# meriwether lease discounted membership



## meriwether john (Oct 6, 2004)

Have 2 new slots in lease at a discounted price. (lease runs until April 1st).
as of this past weekend 5 deer harvested( all slickheads) I personally know of 10 or 12 different bucks that have been seen from on stand at least 3 were shooters. have only talked to 10 guys so don"t know what others may have seen. have seen a couple bucks myself and 8 or 10 doe. 2180 acres quality management $500. through April 1st.


$425.00 till 4-1-05


----------



## chilidawg (Oct 6, 2004)

*Where is Meriwether at?*

I'm in NW Ga (Calhoun) and wanted to know where Meriwether is located? Also, what type of work days does the club have and also is it QDM?

Mark


----------



## meriwether john (Oct 6, 2004)

West Central Ga. approx 1 hr down I-85 from Atl. airport.
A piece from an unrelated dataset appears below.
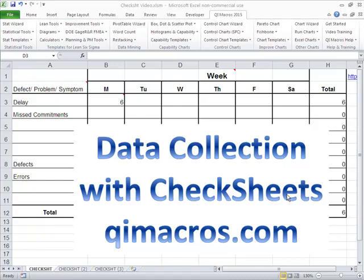Hi, this is Jay Arthur. I'm often surprised Six Sigma teams get stuck sometimes because they can't find some data.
Yes QDM county wide. club also has a spread limit(14").


----------



## kennhunter (Oct 8, 2004)

*hunting club*

Would you please e-mail at nascarbunch@juno.com phone number looking for club just lost lease.  Thanks


----------



## TURKEY (Oct 8, 2004)

how many members and is turkey hunting allowed


----------



## WhtOakWidowMakr (Oct 10, 2004)

Any Camp area?
First come first served? or homesteading?
Thanks


----------



## meriwether john (Oct 11, 2004)

yessir camp with elec. no h2o, pin in system no homesteading each member allowed 2 "primary" stands that are open to anyone 15 min. before daylight. 
can't have guests opening weekends but if someone is seriously interested I will put them on my personal property which adjoins(39 acres of mostly hardwood) the lease and could give a road tour midday. would be a chance to meet several guys also as sat. probably will be the most crowded. expect around 20. although only had 8 this past sat.


----------



## cradawg (Oct 12, 2004)

are these spots still open?  where abouts in meriwether?  i live on 362 and was wondering where it was.


----------



## meriwether john (Oct 12, 2004)

yes still have both. land is in Rocky Mount/Primrose area.(1984acres)
cutover is less than a mile off 362 on Rocky Mount Rd.(196acres)


----------



## BassWorm (Oct 14, 2004)

What are the yearly dues and are there normally openings on the leases?


----------



## meriwether john (Oct 28, 2004)

^^^


----------



## meriwether john (Nov 6, 2004)

last bump
425.00 till 4-1-05


----------



## Just 1 More (Nov 21, 2004)

If it wern't such a drive from Tampa, i'd be interested.


----------